The Battle of Monmouth
Today a choice had to be made. It was a toss up between the Mermaid Parade at Coney Island or the Battle of Monmouth reenactment in New Jersey. I opted for war! I had been to the Mermaid Festival a couple times already. I had a feeling some good friends were going to the battlefield, so I headed to New Jersey. It was good to get out of the city. At Monmouth Battlefield State Park, Colonial and British encampments were set up at opposite ends. Before the battle I strolled through the British camp.
(Click on any photo to enlarge)
Many of the British soldiers were smoking from clay pipes.
Before the battle there was an artillery demonstration.
Then the respective sides gathered for battle.

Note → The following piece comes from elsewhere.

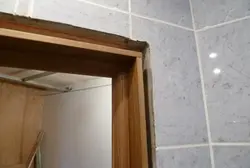 Наличники на двери в ванной комнате фото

The fight was on. The battle at Monmouth was the largest single day battle of the Revolutionary War. The battle took place on June 28, 1778.
George Washington’s army numbered about 14,500 including about 1000 militia. The British army numbered about 21,000 including 4100 Hessians (German mercenaries) and 210 Loyalists (Americans loyal to the British). Only about half of the British forces were at this battle.
After the battle the re-enactors returned to their respective camps. There were craftsmen and people selling wares of the time period set up in tents along the path to the Colonial encampment. This guy thanked me for being one of only two people who bothered to ask if I could photograph him the entire day. He said most people just snap away without saying a thing.
People were tired from the heat. Durung the actual battle in 1778 some soldiers died from the heat and lack of water. George Washington reported 69 men died, 161 wounded and 132 missing. Total loss 362. British. Numbers were uncertain but were approximately 67 killed in action, 59 died of fatigue, 170 wounded and 65 missing. Total 361.
Those that weren’t resting were preparing dinner or cleaning their weapons.
I tried to get this guy to climb on the bike, but he insisted on staying in character. All the people involved take their roles seriously, which is great! As you watch the families and soldiers going about their business at the camp it really feels authentic.